Investors want to keep their finger on the pulse of the economy because it usually dictates how various types of investments will perform. The stock market likes to see healthy economic growth because that translates to higher corporate profits. The bond market prefers more subdued growth that will not lead to inflationary pressures. By tracking economic data such as industrial production, investors will know what the economic backdrop is for these markets and their portfolios.
What to expect:
This report has a big influence on market behavior. In any given month, one can see whether capital goods or consumer goods are growing more rapidly. Are manufacturers still producing construction supplies and other materials? This detailed report shows which sectors of the economy are growing and which are not.
Thursday 9th May
07:00 ET
BoE Interest Rate
The Bank of England’s monetary policy committee members vote on where to set the rate. It could have an effect on businesses for the sudden change in the cost of credit on their corporate balance. Consumers could also be affected since the shifts in Monetary policy influence other short-term rates like Bank deposits, personal loans, credit cards, home equity loans and adjustable-rate mortgages. Higher rates might make banks more reluctant to borrow overnight funds, so might lend out less money or charge businesses and consumers a higher rate to offset the rates.
What to expect:
The pound might rally if the BoE is showing an inclination to keep rates higher for longer. How much the pound might move depends on if the Foreign Exchange Markets have taken these hikes into consideration. If they have taken it into consideration then the dollar movement may be minimal.
Friday 10th May
02:00 ET
UK GDP
Gross Domestic Product (GDP) measures the total value of a country’s industrial output over a given period. It consists of the aggregate domestic production of goods and services by individuals, businesses, and government. GDP data is available in dollar or index form. U.K. GDP QoQ is the comparison of growth from one fiscal quarter to the next, represented in a percentage format.GDPQoQ is a leading indicator of U.K. economic health. High levels of GDP growth are viewed as being positive for U.K. indices as well as the GBP.
What to expect:
The Bank of England (BOE) places a great deal of emphasis on monthly and yearly GDP. Robust growth is often a prelude to monetary tightening, while stagnate levels provide an environment conducive to Quantitative Easing (QE).Traders monitor GDP (MoM) releases closely. Abnormal reports may cause rapid buying or selling of the U.K. indices or GBP. Currency, equities, and commodities markets all exhibit enhanced degrees of volatility surrounding the GDP release.

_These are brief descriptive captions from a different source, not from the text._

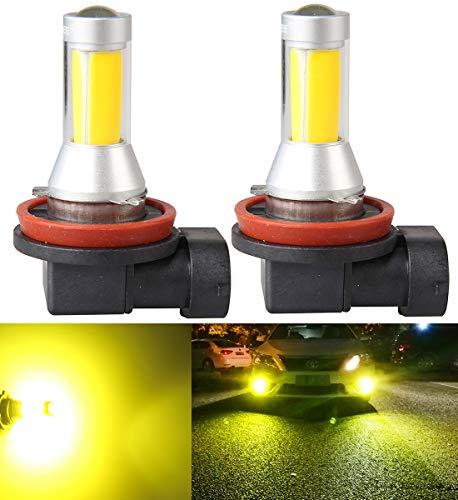 LEDフォグランプ H11 H8 H9 H16(国産車) 黄色 イエロー-ポーペ(POOPEE) 35W 800LM 12V/24V兼用 無極性 COBチップ360°発光 高輝度_画像1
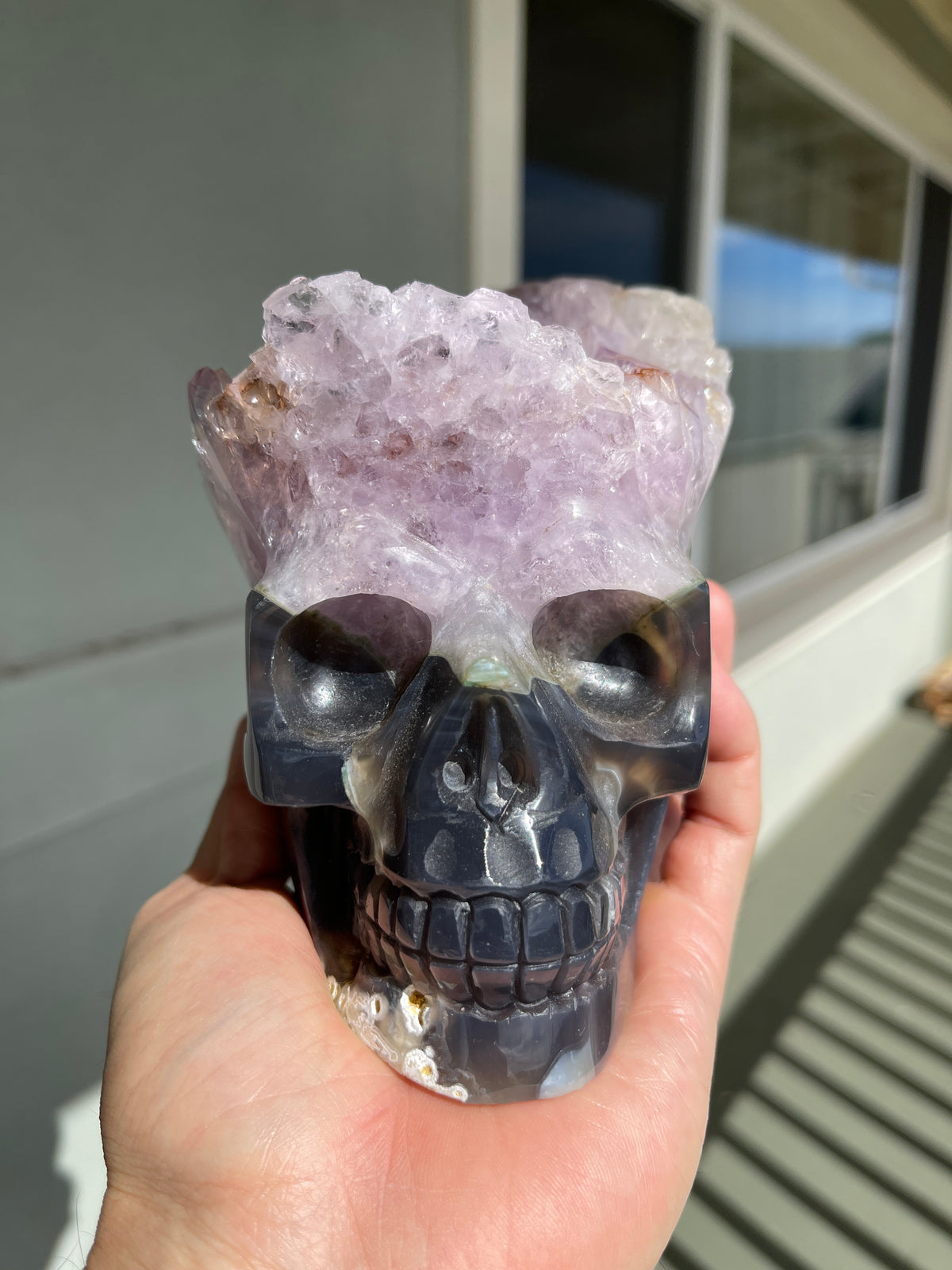 Agate Amethyst Geode 4.5" Hand Carved Skull #S10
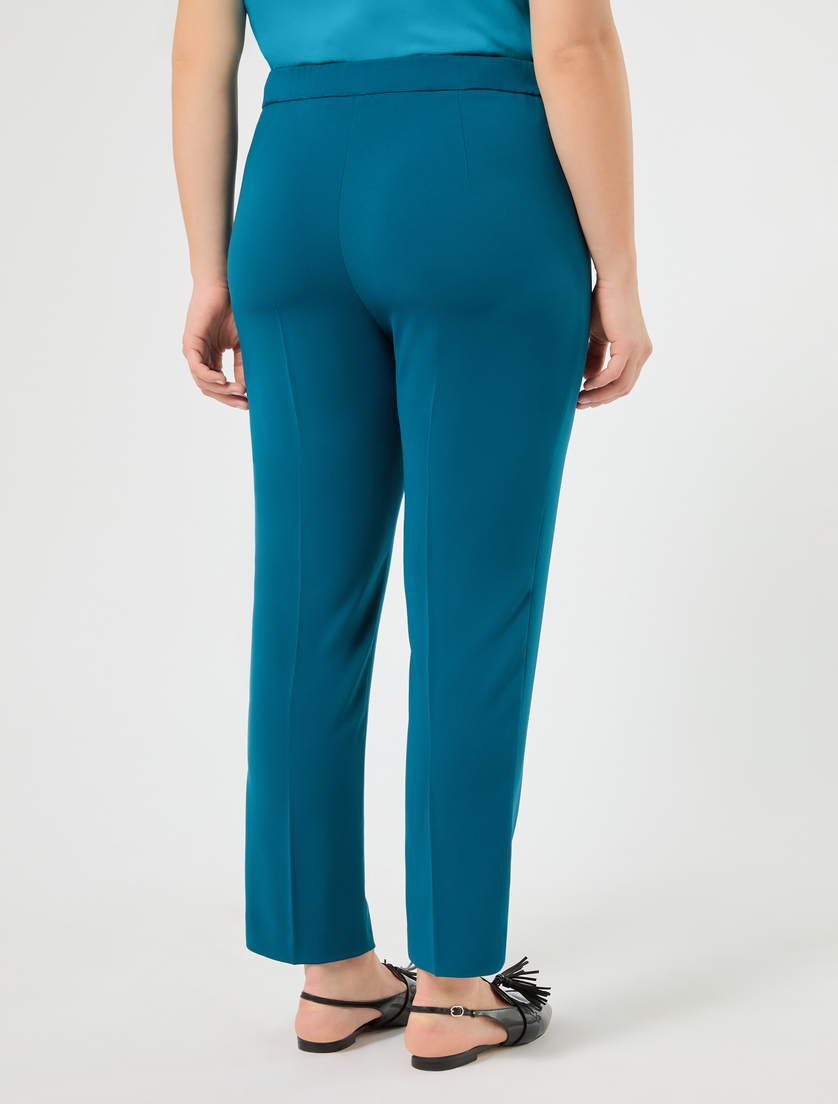 Slim-fit stretch cady trousers - OIL - Marina Rinaldi - 4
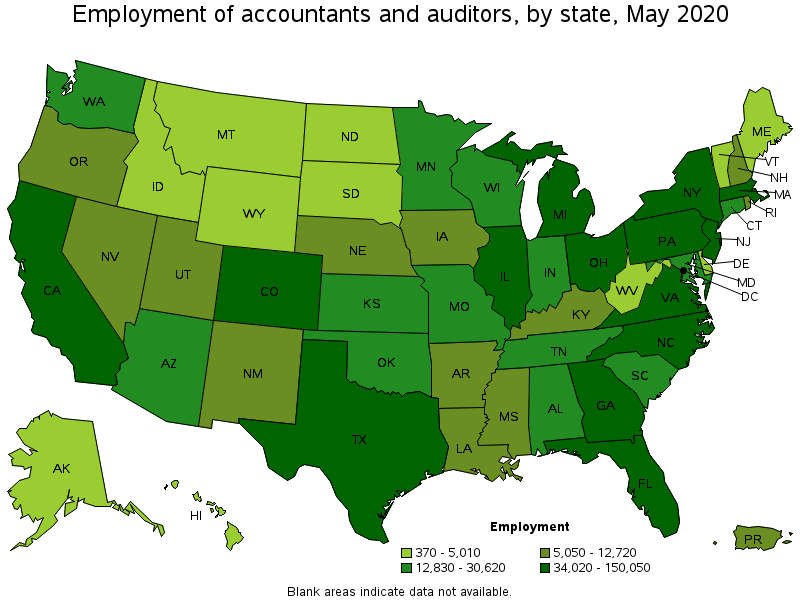 Employment of Accountants and Auditors, by state, May 2020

UK Manufacturing Production
Manufacturing Production measures the change in the total inflation-adjusted value of output produced by manufacturers. Manufacturing accounts for approximately 80% of overall Industrial Production. Manufacturing output is the preferred number rather than industrial production which can be unduly influenced by electrical generation and weather. The manufacturing index is widely used as a short-term economic indicator in its own right by both the Bank of England and the UK government. Market analysts also focus on manufacturing and its sub-sectors to get insight on industry performance.
What to expect:
A higher than expected reading should be taken as positive/bullish for the GBP, while a lower than expected reading should be taken as negative/bearish for the GBP.